JUBA, South Sudan: The United Nations Mission in South Sudan said Monday that it would not comply with a government order to shut down its base in Akobo, an opposition stronghold near the Ethiopian border where tens of thousands of refugees have fled.
On Friday, the South Sudanese army ordered UN peacekeepers as well as NGOs and civilians to vacate the town ahead of a planned assault.
But the mission refused to leave and said it would provide “a protective presence for civilians” in the town, adding that the safety and security of its personnel “must be fully respected at all times.”
The UN Mission said it was engaging “intensively with national, state and local stakeholders” regarding this order. “Any military operations in and around Akobo gravely endanger the safety and security of civilians,” said mission chief Anita Kiki Gbeho.

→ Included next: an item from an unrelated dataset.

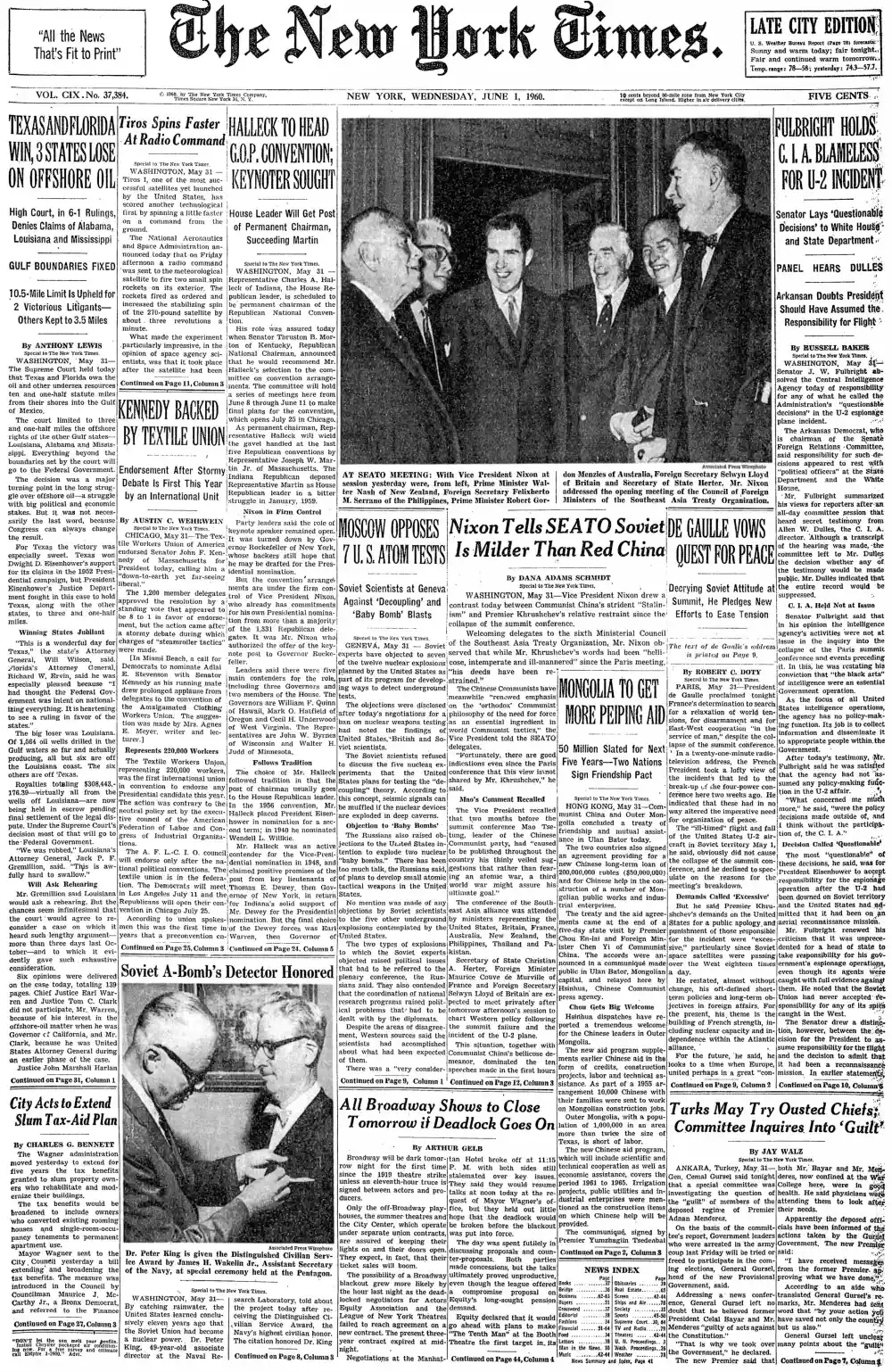 Wednesday, June 1, 1960 – The New York Times Front Page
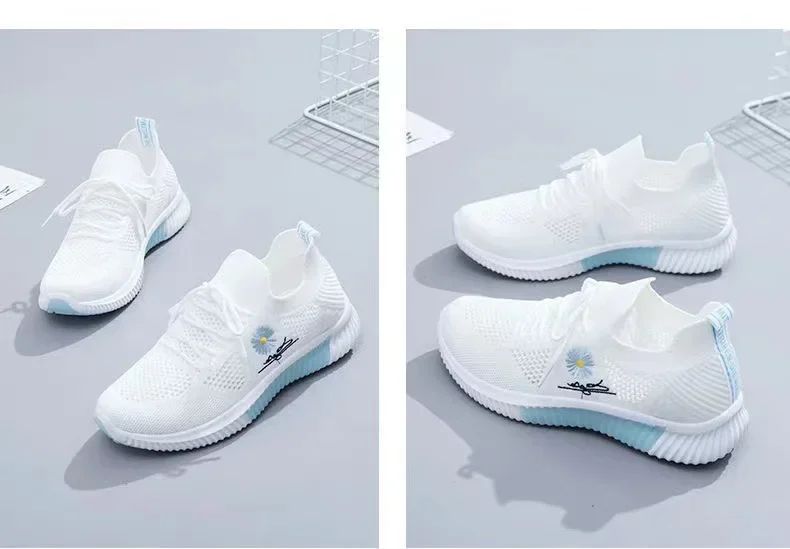 Spring and autumn seasonsLadies Knitted Sneakers Fashion Simple Lace-up Running Shoes Mesh Breathable Casual Female Students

The South Sudanese government has been fighting opposition forces since a 2018 peace deal broke down about a year ago.
A dramatic escalation took place in December 2025, when opposition forces seized several government outposts in northern Jonglei. A government counter-offensive repelled their forces a month later and displaced over 280,000 people. Tens of thousands have sought refuge in Akobo, where a small contingent of UN peacekeepers is stationed.
Fearing the looming government assault on Akobo, humanitarian workers were evacuated over the weekend, and a mass exodus of the population has also begun.
Local officials contacted by the The Associated Press said fleeing civilians faced danger and widespread shortages of essential supplies. Dual Diew, the Akobo County health director, who has fled to Ethiopia, said there were 84 wounded patients at the hospital. “We have most of them with us here now,” he said, adding that they lack medicine and basic nursing equipment.
Christophe Garnier, the leader of Doctors Without Borders in South Sudan said the organization had to evacuate its staff from Akobo on Saturday and learned of the subsequent looting of its hospital and the ransacking of its office.
“People in Akobo must now either flee without protection or remain at risk of being killed, while losing access to health care and other essential services,” he said.
The three Western governments that have played a major role in the peace process — the U.S, UK, and Norway — sent a letter to President Kiir on Monday urging that the army’s evacuation order be revoked and warning of “further deaths, displacement and suffering for the South Sudanese people” if the offensive on Akobo is implemented.